■ Collected data
■ ■ ■
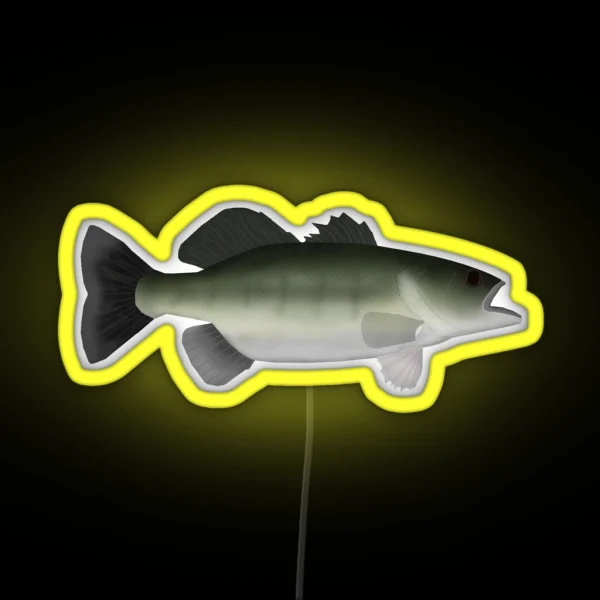 Florida Largemouth Bass RGB Neon Sign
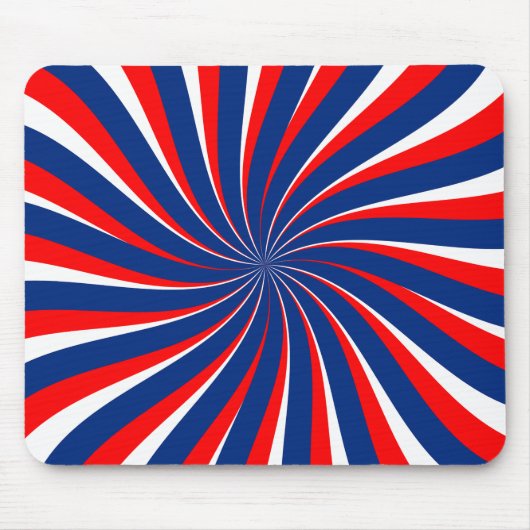 Spiral blau weiß rot... mousepad (Vorne)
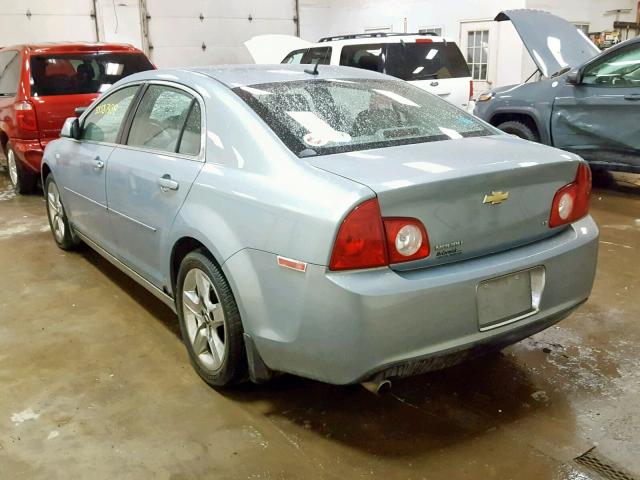 1G1ZH57B384245070 - 2008 CHEVROLET MALIBU 1LT ვერცხლისფერი ფოტო 3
■ ■ ■
Full transcription of the material, exact in every line, without images.

■ Result below
 Florida Largemouth Bass RGB Neon Sign
 Spiral blau weiß rot... mousepad (Vorne)
 1G1ZH57B384245070 - 2008 CHEVROLET MALIBU 1LT ვერცხლისფერი ფოტო 3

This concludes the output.